Start of Block

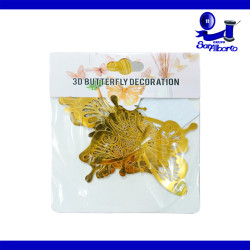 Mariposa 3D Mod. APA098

End of Block
Start of Block

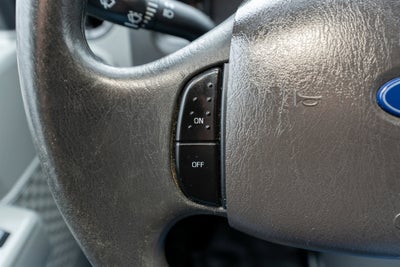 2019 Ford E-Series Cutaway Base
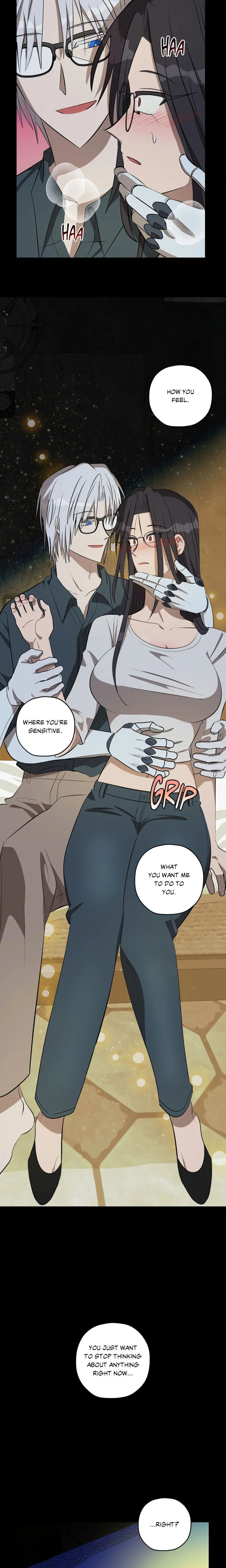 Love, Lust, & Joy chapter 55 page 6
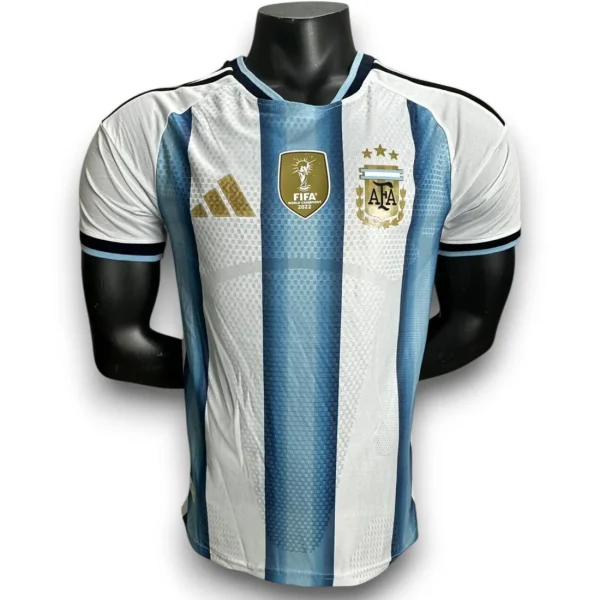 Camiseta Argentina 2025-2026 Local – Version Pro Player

End of Block
Start of Block

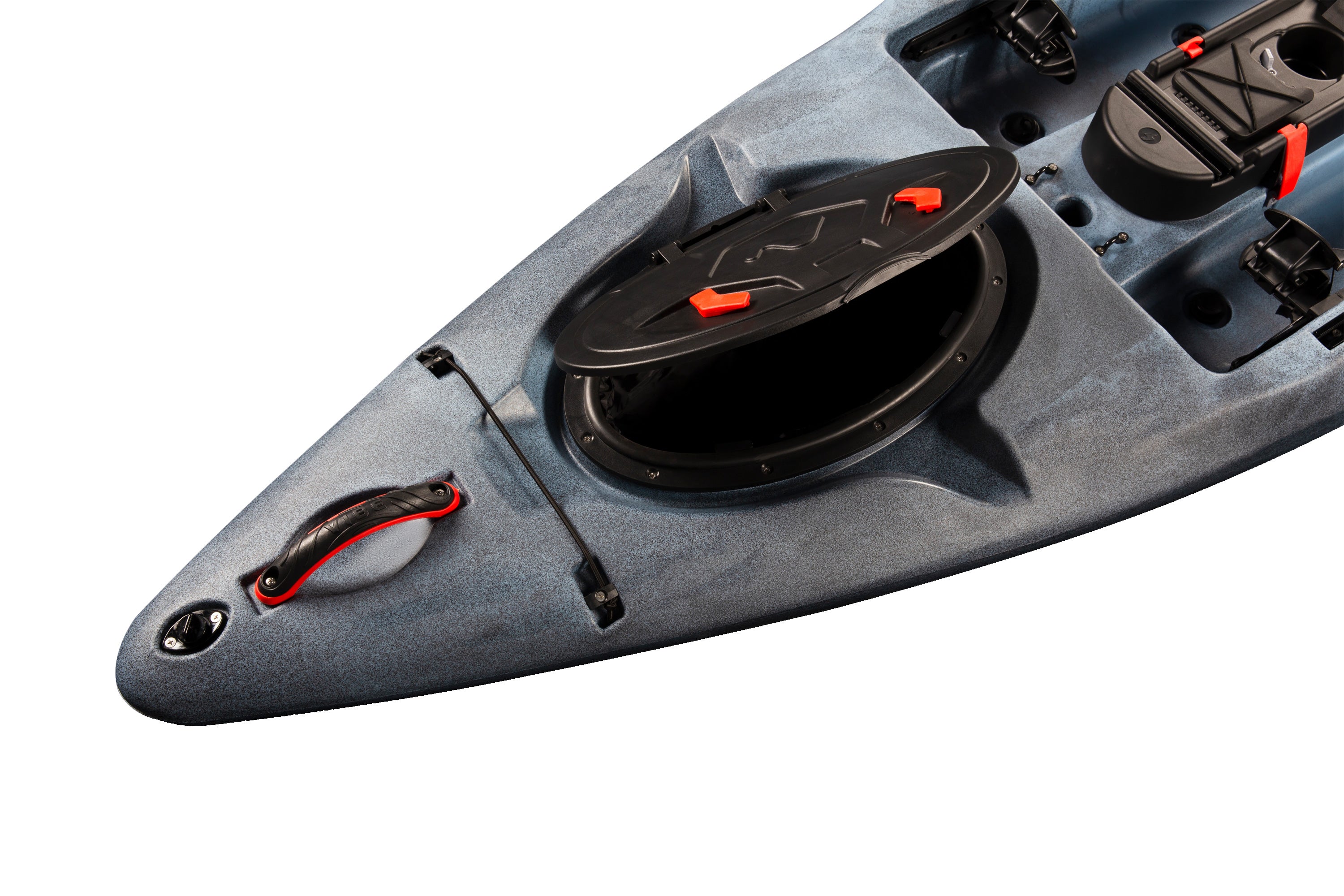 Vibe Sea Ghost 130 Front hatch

End of Block

Exercise requirements:
Once the line with "2019 Ford E-Series Cutaway Base" is found in the data above, reproduce it and each line after it exactly, through the line with "Camiseta Argentina 2025-2026". Omit the pictures.

Result of the task:
 2019 Ford E-Series Cutaway Base
 Love, Lust, & Joy chapter 55 page 6
 Camiseta Argentina 2025-2026 Local – Version Pro Player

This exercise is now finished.